== Segment start ==
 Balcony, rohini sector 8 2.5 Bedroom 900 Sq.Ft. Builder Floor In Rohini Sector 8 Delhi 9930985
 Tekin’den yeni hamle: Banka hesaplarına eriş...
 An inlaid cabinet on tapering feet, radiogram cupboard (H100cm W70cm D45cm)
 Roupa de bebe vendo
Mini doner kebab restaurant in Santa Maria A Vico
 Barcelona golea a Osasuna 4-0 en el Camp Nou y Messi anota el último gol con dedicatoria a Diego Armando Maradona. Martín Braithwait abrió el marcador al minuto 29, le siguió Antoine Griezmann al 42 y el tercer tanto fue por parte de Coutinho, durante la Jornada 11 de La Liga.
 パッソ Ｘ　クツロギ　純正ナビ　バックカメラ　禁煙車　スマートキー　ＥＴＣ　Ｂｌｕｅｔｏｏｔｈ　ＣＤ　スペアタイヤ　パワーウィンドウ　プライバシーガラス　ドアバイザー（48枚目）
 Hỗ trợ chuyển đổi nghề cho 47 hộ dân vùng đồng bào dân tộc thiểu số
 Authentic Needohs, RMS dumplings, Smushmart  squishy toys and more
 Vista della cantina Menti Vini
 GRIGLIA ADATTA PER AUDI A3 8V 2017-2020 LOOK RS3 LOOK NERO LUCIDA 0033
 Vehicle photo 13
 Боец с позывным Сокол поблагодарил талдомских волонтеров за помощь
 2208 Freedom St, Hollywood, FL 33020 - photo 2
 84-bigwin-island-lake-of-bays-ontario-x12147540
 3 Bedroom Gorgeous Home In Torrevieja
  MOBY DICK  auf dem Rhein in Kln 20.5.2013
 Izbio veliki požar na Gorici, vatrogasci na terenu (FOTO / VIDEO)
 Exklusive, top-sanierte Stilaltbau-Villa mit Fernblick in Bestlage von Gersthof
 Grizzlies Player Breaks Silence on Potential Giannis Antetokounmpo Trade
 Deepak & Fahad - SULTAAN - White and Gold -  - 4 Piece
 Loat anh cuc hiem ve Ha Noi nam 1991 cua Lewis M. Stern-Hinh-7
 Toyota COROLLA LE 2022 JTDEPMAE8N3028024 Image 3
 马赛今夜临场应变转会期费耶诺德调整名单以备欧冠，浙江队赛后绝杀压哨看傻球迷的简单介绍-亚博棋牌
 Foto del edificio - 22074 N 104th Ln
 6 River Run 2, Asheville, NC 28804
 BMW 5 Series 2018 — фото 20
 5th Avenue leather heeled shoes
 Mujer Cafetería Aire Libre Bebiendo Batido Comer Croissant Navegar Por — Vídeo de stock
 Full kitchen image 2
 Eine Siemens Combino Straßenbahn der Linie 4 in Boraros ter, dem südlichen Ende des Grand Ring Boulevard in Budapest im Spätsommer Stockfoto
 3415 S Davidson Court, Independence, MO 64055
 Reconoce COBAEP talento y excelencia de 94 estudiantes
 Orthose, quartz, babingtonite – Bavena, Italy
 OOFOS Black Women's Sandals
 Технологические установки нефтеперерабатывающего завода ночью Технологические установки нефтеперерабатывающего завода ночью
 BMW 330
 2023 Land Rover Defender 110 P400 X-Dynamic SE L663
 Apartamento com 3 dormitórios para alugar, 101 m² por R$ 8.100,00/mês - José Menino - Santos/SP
== Segment end ==
#### [WORK INSTRUCTIONS]
Tally the lines above containing "Bedroom". Answer with the count only.

#### [SOLUTION TO THE EXERCISE]
2